Similar to back pain, neck pain can be treated with a variety of methods. That includes lifestyle changes like taking nonsteroidal anti-inflammatory painkillers (ibuprofen or acetaminophen) and gentle heat or stretching.

Other treatments include medicine to relax muscles and to protect bone health, steroid injections, and nerve root blocks.

Tinkering with the spine in the neck can be even trickier than the spine in the back. “In the cervical spine, everything is smaller,” Dr. Zygourakis said. “Everything is more delicate.”

Expert needed

A problem or complication from an injection in the neck can lead to paralysis, in the worst case. “It’s really important that you go to someone good, especially for neck injections, because that’s very high ‘real estate’ there. That is critical.”

Spinal surgery can help problems in the neck—if there is a clear diagnosis. “For the right patients, it is awesome,” Dr. Zygourakis said.

Younger neck patients without significant arthritis of their spine may get a disk replacement surgery rather than spinal fusion (for cervical radiculopathy), so they can keep the range of motion they had.

“The reality, unfortunately, is that most people aren’t candidates for motion-preserving surgery, but it is an excellent option for the appropriately selected patients,” Dr. Zygourakis added.

One man had a spinal cord injury that left him paralyzed.

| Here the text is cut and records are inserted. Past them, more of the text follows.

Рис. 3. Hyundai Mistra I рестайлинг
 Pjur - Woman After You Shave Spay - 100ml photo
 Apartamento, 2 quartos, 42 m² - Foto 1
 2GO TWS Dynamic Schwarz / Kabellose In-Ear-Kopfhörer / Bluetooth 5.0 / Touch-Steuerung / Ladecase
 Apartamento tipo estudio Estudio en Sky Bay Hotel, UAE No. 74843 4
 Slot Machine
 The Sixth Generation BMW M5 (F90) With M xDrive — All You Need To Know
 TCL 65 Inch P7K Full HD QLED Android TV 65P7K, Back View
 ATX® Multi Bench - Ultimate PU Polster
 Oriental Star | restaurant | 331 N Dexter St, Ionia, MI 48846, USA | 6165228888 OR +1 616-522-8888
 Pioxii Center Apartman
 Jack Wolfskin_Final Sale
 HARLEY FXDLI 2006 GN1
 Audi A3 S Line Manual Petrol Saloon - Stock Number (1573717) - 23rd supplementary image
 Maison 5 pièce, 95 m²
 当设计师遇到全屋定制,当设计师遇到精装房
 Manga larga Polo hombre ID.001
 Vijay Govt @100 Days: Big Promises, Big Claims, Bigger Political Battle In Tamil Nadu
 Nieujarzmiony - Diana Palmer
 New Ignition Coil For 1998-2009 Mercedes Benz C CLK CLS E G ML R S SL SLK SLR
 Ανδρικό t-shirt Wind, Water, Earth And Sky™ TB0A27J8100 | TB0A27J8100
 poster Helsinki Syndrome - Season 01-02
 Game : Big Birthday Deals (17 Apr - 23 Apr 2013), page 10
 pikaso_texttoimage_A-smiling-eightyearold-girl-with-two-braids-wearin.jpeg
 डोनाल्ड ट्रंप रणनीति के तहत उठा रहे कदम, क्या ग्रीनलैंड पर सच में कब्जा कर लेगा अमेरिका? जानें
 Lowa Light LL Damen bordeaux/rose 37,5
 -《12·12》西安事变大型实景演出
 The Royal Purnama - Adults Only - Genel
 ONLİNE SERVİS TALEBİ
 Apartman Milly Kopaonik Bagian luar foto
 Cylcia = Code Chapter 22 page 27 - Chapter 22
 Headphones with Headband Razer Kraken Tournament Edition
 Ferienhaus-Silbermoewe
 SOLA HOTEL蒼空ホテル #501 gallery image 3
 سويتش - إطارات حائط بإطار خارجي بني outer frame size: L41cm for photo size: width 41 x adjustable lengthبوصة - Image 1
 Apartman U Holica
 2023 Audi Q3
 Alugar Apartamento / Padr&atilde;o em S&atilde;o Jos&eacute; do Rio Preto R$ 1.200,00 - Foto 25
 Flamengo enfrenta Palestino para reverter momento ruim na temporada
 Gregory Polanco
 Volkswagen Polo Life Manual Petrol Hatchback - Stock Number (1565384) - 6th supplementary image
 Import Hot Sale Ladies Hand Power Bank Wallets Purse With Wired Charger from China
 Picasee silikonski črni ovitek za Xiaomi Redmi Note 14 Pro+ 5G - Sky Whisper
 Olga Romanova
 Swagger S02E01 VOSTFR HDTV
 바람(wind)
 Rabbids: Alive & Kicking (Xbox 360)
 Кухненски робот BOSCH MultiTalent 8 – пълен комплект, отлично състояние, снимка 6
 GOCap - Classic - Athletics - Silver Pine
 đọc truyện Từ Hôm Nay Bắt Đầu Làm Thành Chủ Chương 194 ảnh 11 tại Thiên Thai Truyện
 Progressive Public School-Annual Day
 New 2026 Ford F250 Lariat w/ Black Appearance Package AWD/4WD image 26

About 5 weeks after spine surgery was done by Dr. Zygourakis, he was able to use a walker. He progressed to walking on his own 2 weeks after that.

Latest improvements

The latest improvements and most advanced techniques in spinal surgery include:

  • “Minimally invasive” spine surgery that use small incisions to minimize blood loss and muscle damage, get patients out of the hospital sooner
  • Computer-navigation assisted spine surgery to ensure the most accurate screw placement in all patients
  • Robot-assisted surgery

Dr. Zygourakis repeated that, in general, surgery should be a last resort for patients suffering from back or neck pain.

Anyone considering surgery should understand their diagnosis and learn the pros and cons of various treatment options.

“It’s really important that you talk to your surgeon about what approach they’re doing,” Dr. Zygourakis said. “Ask why they think that one’s the right one to do for you, and what some of the specific risks and benefits are for that particular approach.”